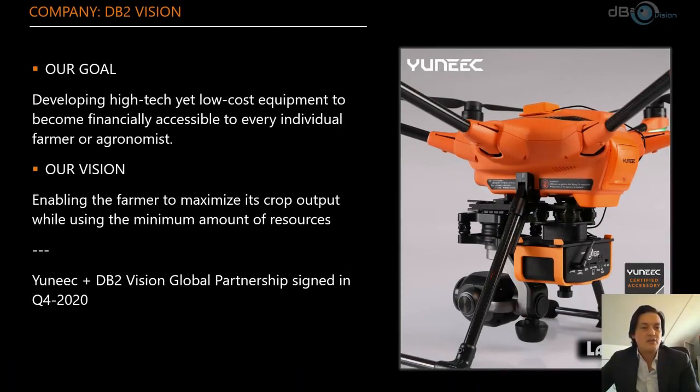Who are we? We are DB2Vision, a company of three owners that started in 2016 with the development of our camera, which we were finally able to release at the end of summer 2019. Our goal was to develop high-tech but low-cost equipment to become financially accessible to every individual farmer or agronomist. Our vision is to enable the farmer to maximize crop output while using the minimum amount of resources, and to identify crop stress before the human eye can see it — allowing measures to be taken during the season rather than suffering losses at harvest.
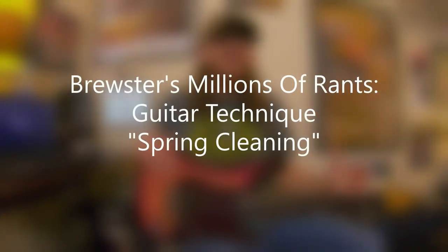David Bruce here with Brewster's Millions of Rants, and this is the Guitar Technique Spring Cleaning. While I'm not going to show you how to clean your car, or your home, or your guitar, we are going to focus and kind of clean up your technique.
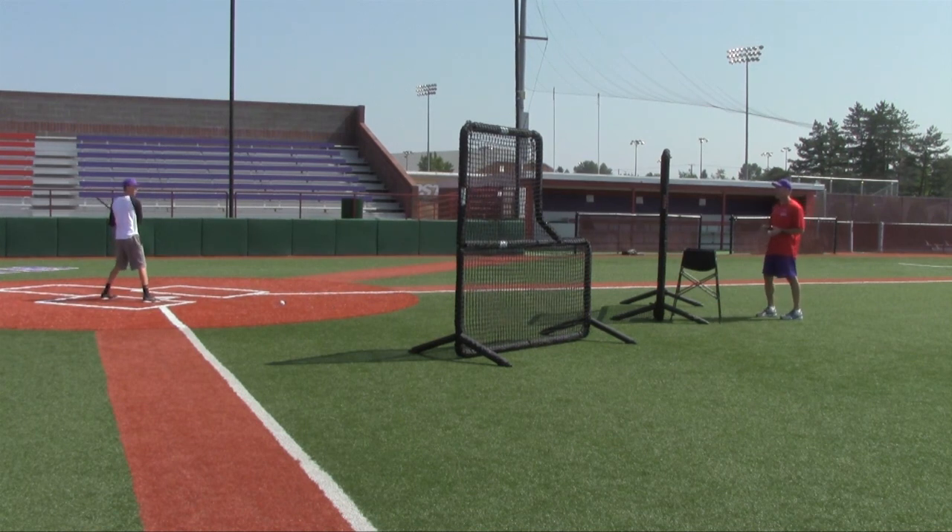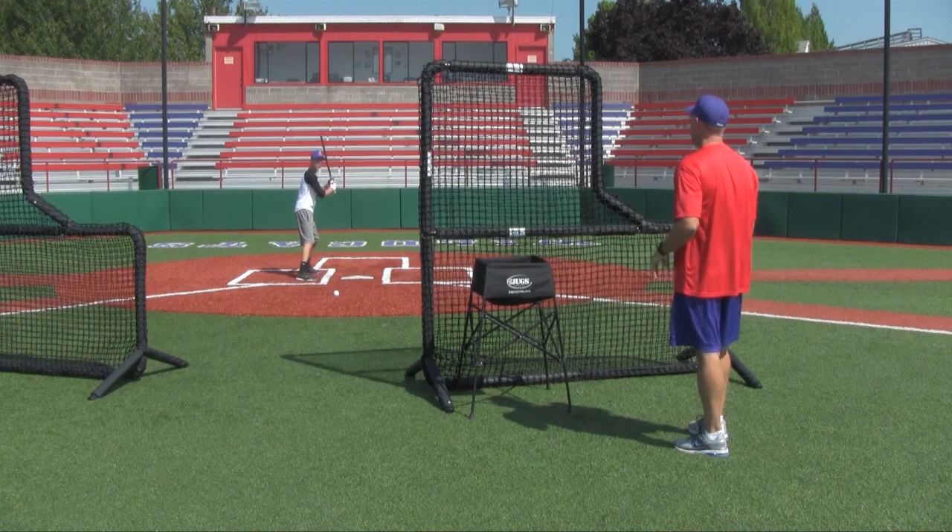As we get a pitch, we're really trying to hit it back at the screen. So if you get something inside, you probably want to take that pitch and really work on using the outer third of the plate.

━━━━━━━━━━━━━━━━

# [Work request]
Output the data exactly. Pictures don't belong in the result.

# [Result of the task]
Who are we? We are DB2Vision, a company of three owners that started in 2016 with the development of our camera, which we were finally able to release at the end of summer 2019. Our goal was to develop high-tech but low-cost equipment to become financially accessible to every individual farmer or agronomist. Our vision is to enable the farmer to maximize crop output while using the minimum amount of resources, and to identify crop stress before the human eye can see it — allowing measures to be taken during the season rather than suffering losses at harvest.
David Bruce here with Brewster's Millions of Rants, and this is the Guitar Technique Spring Cleaning. While I'm not going to show you how to clean your car, or your home, or your guitar, we are going to focus and kind of clean up your technique.
As we get a pitch, we're really trying to hit it back at the screen. So if you get something inside, you probably want to take that pitch and really work on using the outer third of the plate.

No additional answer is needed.